EXERCISE MATERIALS

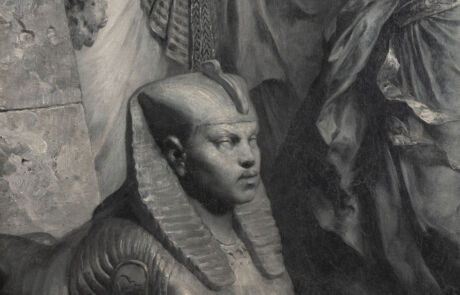 Detailgenaue Darstellung einer ägyptischen Skulptur auf einer Kunstauktion, historisches Sammlerstück.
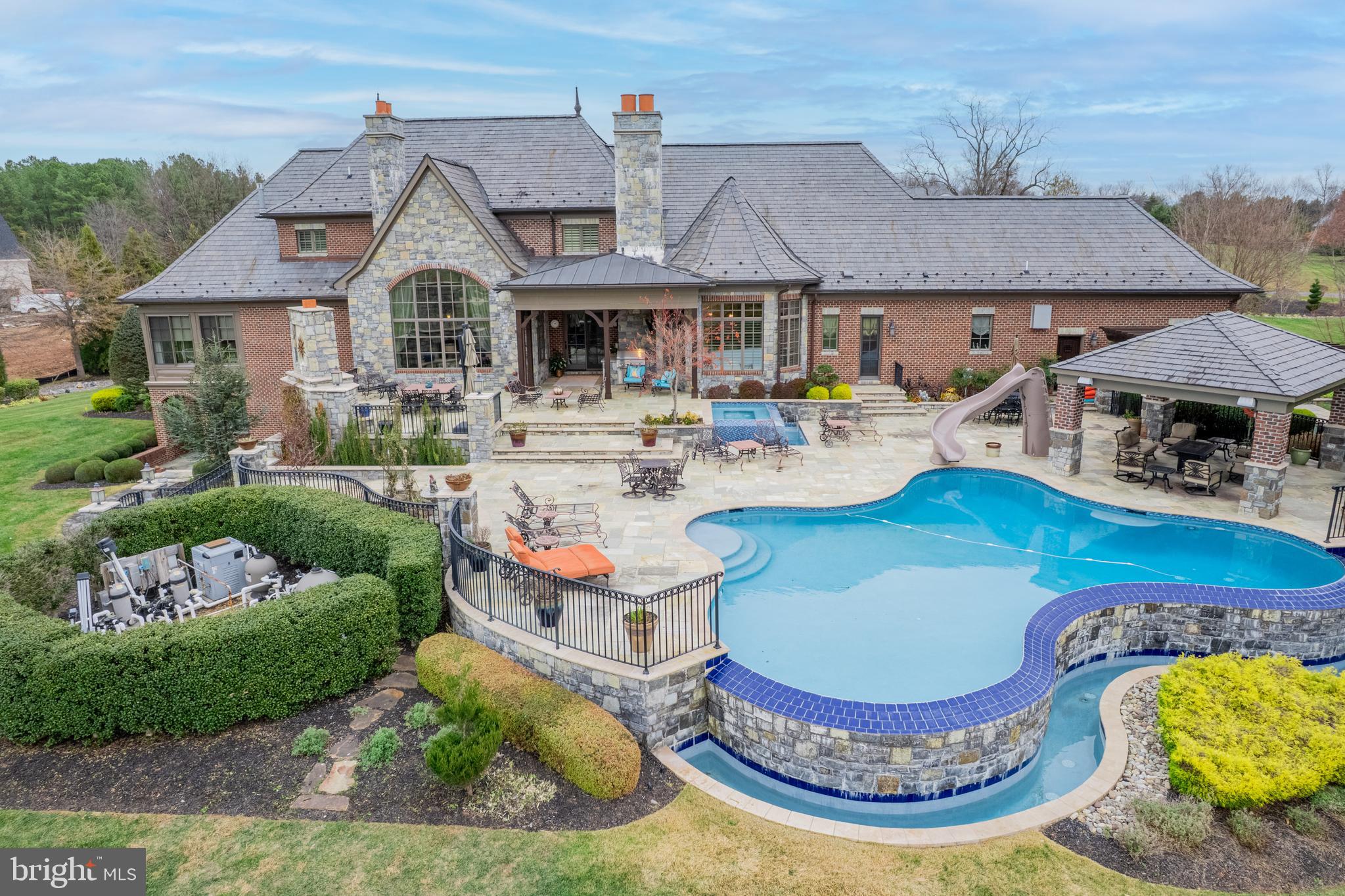 22665 CREIGHTON FARMS DRIVE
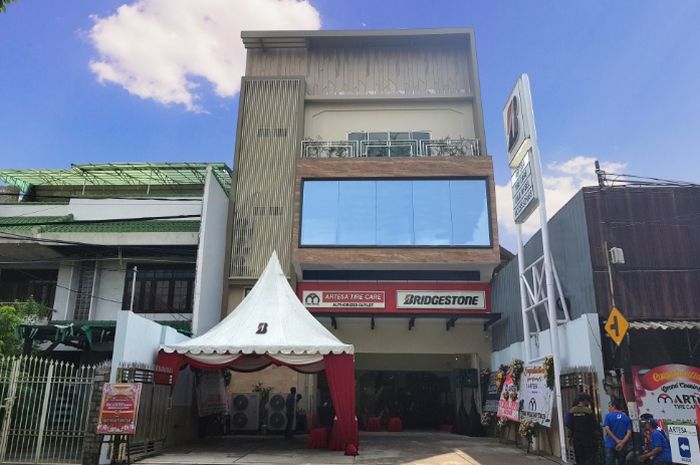 PT Bridgestone Tire Indonesia meresmikan Toko Model Bridgestone (TOMO) di Surabaya, Jawa Timur.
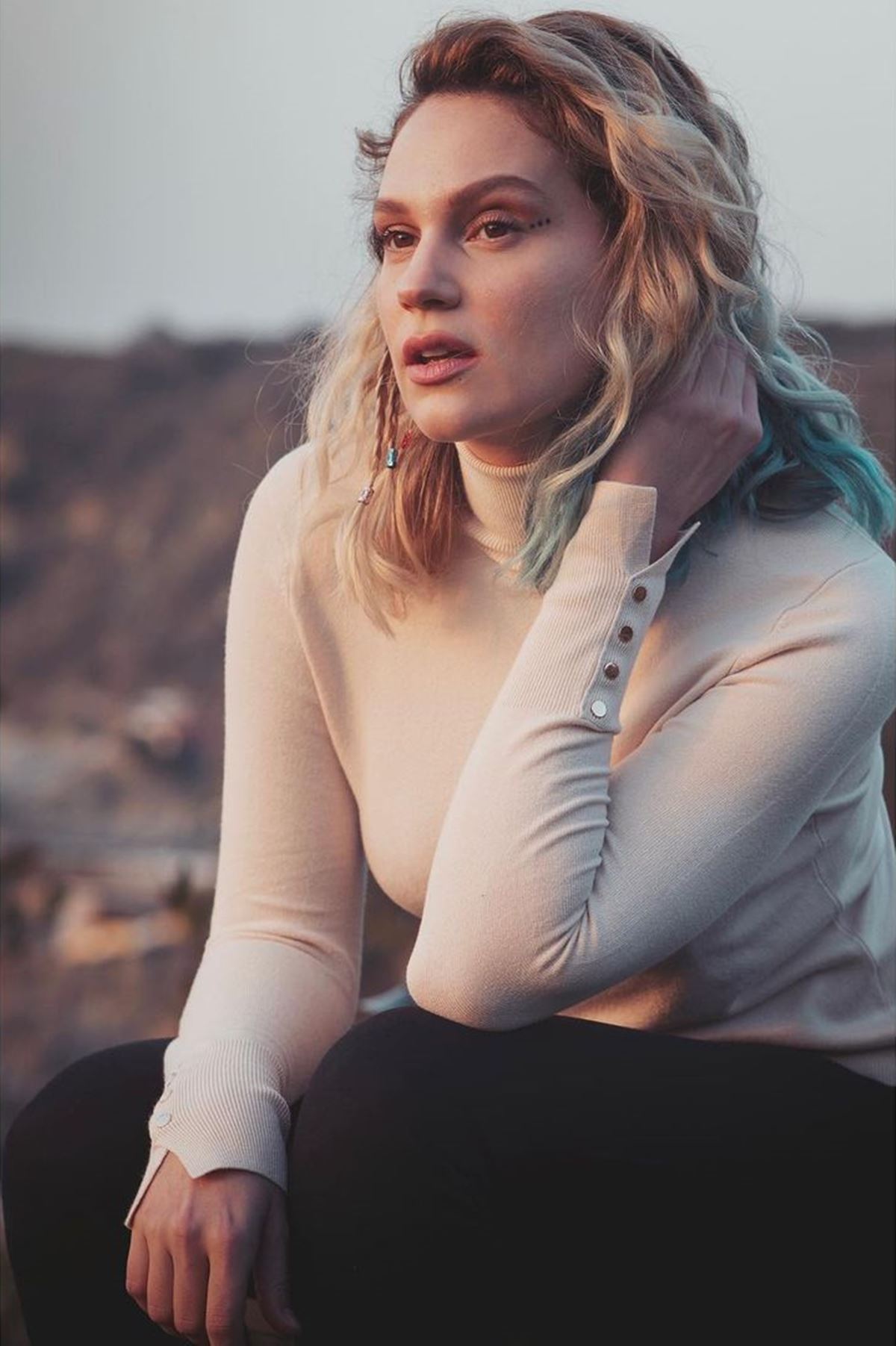 fafazey-176880241-734550450569703-8090575323154331740-n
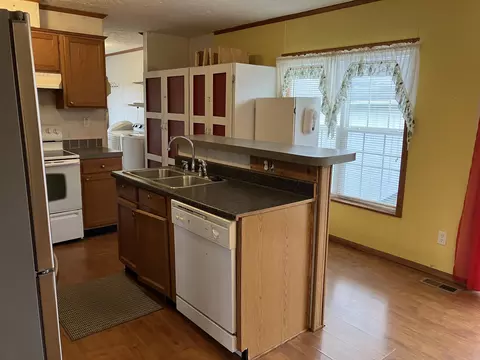 3211 E Surrey, Clare, MI 48617 photo 10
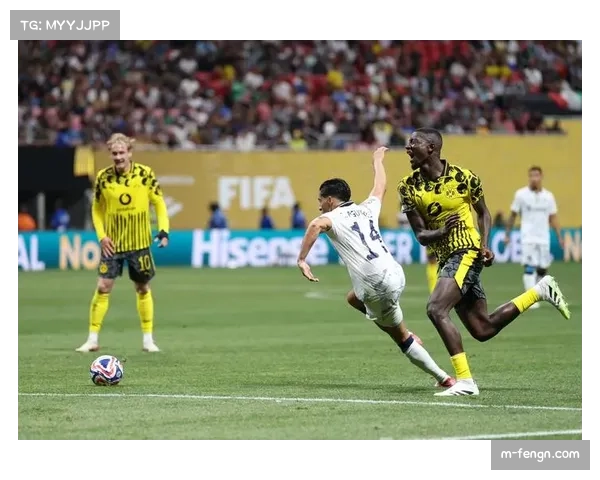 多特蒙德2-1战胜门兴格拉德巴赫，吉拉西终结阿德耶米突破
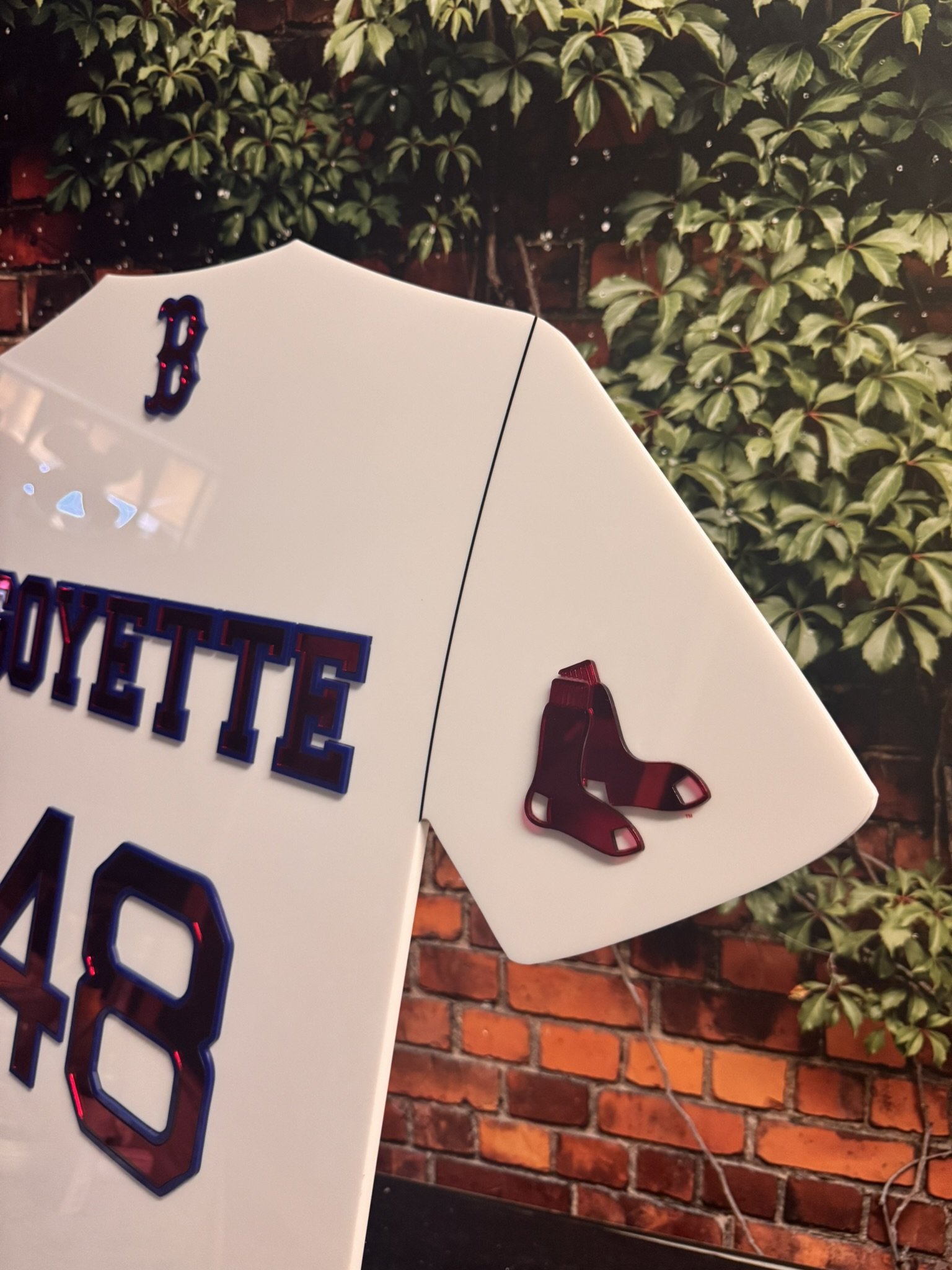 Score a home run at your next event with this Boston-inspired baseball jersey sign-in board. Fully customizable with a name, number, and date, it's the perfect sports-themed guest book alternative.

REQUIREMENT
Each line from the one with "3211 E Surrey, Clare, MI 48617 photo 10" through the end of the entries should be reproduced exactly. Leave out the pictures.

TASK RESPONSE
 3211 E Surrey, Clare, MI 48617 photo 10
 多特蒙德2-1战胜门兴格拉德巴赫，吉拉西终结阿德耶米突破
 Score a home run at your next event with this Boston-inspired baseball jersey sign-in board. Fully customizable with a name, number, and date, it's the perfect sports-themed guest book alternative.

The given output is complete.